W.E. was always going to be the sitting duck of The 68th Venice Film Festival, and on first encounter it certainly has all the hallmarks of another Madonna film just waiting to be torn apart by the critics: Wally Winthrop (Abbie Cornish) is stuck in an abusive marriage, becomes fixated with the upcoming auction of the estate of the Duke and Duchess of Windsor, and then finds salvation when she falls in love with the Russian security guard she sees every day while fondling objects from the estate at Sotheby’s. The security guard turns out to be a piano-playing intellectual. (“I love Russians … they’re usually unfairly portrayed in films as either gangsters or hedonistic billionaires,” Madonna said Friday. “But all the Russians I know are intellectuals or musicians.”) All this is intertwined with the parallel story of Edward VIII’s abdication, so we flick between times and between Wally and Wallis, occasionally seeing them in the same scene consoling one another or having a brief exchange.
The film’s main problem is that Andrea Riseborough (best known in the U.K. for her BAFTA-nominated performance as Margaret Thatcher for BBC) is simply too good. Her beautifully poised, mesmerizing performance, capturing what Riseborough describes as an “unmoving, intense androgyny, with [nevertheless] this beautiful aesthetic,” leaves you wanting to fast forward through all of the scenes set in 1998 (which are almost unwatchable in comparison, teetering between implausible and hackneyed) and step back into the altogether more authentic and fascinating world of the duchess. Madonna has made it clear that she didn’t want to create a biopic, that she created Wally because she felt the movie “needed a point of view,” and she “wanted to use the auction as a device to go back and forth” and therefore “[needed] to create a modern day character that was at that auction.” She clearly believed this device would make the story more accessible and relevant. If only she’d had the courage or experience to trust that Riseborough’s performance, combined with Arianne Philips’s beautifully detailed costumes and Hagen Bogdanski’s (The Lives of Others) striking cinematography, would be more than enough.
Yes, she over-egged the pudding, but W.E. is a drastic improvement on her previous film, Filth and Wisdom, and provokes an important discussion on what Madonna described Friday as “a pattern we have in society, when women have some kind of power and we don’t understand them … we have to diminish them by turning them into heretics and burning them at the stake … we can’t come to terms with a powerful, childless woman.” There is no doubt that Wallis bore the brunt of the blame for Britain losing its rock-star king, viewed at best as the brazen, married American who came in and stole Edward away from the country, and at worst labeled a Nazi, a man, or a whore—or all three.

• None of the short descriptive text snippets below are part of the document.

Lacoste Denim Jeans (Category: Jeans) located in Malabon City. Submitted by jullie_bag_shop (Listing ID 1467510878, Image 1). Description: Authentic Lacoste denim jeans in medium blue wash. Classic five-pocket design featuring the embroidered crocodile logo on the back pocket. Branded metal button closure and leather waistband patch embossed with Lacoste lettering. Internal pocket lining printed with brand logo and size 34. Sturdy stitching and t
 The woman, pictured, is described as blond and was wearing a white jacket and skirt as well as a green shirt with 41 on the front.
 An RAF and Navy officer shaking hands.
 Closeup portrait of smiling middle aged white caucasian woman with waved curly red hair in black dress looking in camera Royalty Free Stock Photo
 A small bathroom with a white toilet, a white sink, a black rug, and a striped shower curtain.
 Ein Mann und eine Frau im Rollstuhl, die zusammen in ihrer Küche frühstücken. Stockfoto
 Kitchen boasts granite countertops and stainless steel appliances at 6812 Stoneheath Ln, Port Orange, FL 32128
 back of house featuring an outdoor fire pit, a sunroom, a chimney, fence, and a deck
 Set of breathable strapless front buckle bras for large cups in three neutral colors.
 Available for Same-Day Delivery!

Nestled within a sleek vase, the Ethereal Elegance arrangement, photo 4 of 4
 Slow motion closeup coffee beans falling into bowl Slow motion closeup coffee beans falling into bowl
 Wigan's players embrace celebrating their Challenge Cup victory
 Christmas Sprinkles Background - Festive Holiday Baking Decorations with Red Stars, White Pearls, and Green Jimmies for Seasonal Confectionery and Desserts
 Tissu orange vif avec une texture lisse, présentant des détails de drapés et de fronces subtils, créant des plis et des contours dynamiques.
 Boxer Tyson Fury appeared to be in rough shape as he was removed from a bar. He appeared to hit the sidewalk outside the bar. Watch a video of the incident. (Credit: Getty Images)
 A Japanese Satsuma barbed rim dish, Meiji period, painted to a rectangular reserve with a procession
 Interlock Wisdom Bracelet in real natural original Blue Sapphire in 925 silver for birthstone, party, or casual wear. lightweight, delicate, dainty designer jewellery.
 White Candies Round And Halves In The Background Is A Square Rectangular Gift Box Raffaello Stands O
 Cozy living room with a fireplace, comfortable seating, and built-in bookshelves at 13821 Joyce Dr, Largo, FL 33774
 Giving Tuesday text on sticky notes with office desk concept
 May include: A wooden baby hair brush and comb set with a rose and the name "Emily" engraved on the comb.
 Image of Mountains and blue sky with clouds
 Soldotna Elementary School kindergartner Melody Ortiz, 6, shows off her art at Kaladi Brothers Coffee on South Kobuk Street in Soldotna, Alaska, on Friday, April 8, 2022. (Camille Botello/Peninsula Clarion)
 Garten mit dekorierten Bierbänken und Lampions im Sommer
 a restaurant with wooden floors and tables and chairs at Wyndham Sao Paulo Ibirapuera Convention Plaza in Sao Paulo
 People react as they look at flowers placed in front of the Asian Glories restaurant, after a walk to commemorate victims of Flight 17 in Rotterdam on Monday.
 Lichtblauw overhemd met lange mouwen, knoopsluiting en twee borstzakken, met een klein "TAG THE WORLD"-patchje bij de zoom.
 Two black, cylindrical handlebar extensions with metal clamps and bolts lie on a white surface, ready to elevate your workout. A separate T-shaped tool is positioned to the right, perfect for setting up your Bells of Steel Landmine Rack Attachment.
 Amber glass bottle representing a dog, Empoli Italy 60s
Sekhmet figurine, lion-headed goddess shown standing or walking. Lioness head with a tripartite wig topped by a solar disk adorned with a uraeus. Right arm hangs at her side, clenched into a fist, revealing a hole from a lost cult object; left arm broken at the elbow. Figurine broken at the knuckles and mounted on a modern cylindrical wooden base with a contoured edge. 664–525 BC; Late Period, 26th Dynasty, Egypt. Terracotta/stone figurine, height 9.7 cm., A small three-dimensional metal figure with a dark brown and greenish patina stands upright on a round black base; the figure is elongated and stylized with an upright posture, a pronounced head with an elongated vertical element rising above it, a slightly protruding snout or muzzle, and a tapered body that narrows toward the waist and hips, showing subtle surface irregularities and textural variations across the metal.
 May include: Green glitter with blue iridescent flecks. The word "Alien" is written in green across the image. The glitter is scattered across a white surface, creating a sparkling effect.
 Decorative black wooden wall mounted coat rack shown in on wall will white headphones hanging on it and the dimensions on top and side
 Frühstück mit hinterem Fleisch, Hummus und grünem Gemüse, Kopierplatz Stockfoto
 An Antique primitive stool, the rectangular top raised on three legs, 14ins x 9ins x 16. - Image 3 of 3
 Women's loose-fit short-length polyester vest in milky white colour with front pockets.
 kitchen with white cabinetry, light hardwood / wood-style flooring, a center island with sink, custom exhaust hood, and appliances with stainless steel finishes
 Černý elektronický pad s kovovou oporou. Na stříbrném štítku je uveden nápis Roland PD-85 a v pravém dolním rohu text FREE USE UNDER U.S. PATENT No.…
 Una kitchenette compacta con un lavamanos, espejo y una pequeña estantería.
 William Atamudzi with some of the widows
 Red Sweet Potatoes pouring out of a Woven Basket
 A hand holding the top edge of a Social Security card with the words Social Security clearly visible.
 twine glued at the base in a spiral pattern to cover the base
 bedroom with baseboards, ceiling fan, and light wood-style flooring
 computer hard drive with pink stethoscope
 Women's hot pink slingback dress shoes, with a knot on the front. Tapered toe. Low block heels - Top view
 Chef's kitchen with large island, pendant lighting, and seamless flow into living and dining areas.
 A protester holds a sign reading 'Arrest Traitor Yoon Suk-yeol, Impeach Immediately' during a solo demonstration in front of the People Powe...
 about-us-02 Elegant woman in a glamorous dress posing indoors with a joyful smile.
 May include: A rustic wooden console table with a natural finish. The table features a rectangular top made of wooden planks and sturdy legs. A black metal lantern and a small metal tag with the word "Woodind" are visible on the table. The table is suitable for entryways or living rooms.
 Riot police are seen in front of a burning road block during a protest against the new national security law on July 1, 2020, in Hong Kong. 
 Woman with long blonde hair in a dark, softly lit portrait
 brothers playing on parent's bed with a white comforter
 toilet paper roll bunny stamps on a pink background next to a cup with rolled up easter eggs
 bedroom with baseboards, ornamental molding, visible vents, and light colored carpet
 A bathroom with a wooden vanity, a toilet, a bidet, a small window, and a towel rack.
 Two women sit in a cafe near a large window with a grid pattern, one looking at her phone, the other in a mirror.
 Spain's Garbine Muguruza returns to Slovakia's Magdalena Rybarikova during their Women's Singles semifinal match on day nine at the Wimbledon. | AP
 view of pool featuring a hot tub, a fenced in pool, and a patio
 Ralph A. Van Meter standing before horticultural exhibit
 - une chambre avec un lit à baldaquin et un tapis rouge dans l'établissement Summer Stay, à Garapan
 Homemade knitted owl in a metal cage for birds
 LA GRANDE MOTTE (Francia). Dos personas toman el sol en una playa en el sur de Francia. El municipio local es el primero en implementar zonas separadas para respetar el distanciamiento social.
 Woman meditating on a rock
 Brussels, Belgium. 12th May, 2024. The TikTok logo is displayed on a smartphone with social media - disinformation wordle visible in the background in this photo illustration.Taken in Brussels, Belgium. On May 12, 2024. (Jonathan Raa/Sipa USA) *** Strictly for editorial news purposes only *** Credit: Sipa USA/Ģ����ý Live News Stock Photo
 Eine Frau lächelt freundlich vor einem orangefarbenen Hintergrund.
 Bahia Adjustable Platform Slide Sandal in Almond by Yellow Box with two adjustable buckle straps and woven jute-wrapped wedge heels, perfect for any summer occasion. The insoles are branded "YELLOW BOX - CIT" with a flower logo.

Madonna certainly succeeds in creating the “more well-rounded portrayal of Wallis” she hoped to, and in attempting to shed light on how difficult it must have been for the demonized Simpson—a view echoed by Riseborough when I ask her whether she feels Wallis was a scapegoat. “Of course,” she said.
In researching and making the film, Madonna seems to have laid to rest some of her own demons, having not only been an outsider but also often reduced to a sound-bite herself. She’s also tussled with issues of female identity. When asked what advice she’d give to young women, she simply replied: “Get a life,” the words of the duchess when she stumbles across a downtrodden, broken-looking Wally standing and staring at her as she struts past. It is these three words that encapsulate the film’s greatest achievement. By creating a somewhat incomprehensible, unsympathetic character in the form of pathetic, delusional Wally and a strong, witty, fearless Wallis, Madonna is able to send out a message loud and clear to young women: stop feeling sorry for yourselves and get a life—good advice from one of the world’s most famous and successful women, who described herself during our discussion of the film as “not a feminist” but rather “a humanist.” Amid the endless whingeing and empty rhetoric of the “feminazis” that seem to dominate all debate on women’s issues, this is certainly a welcome point of view.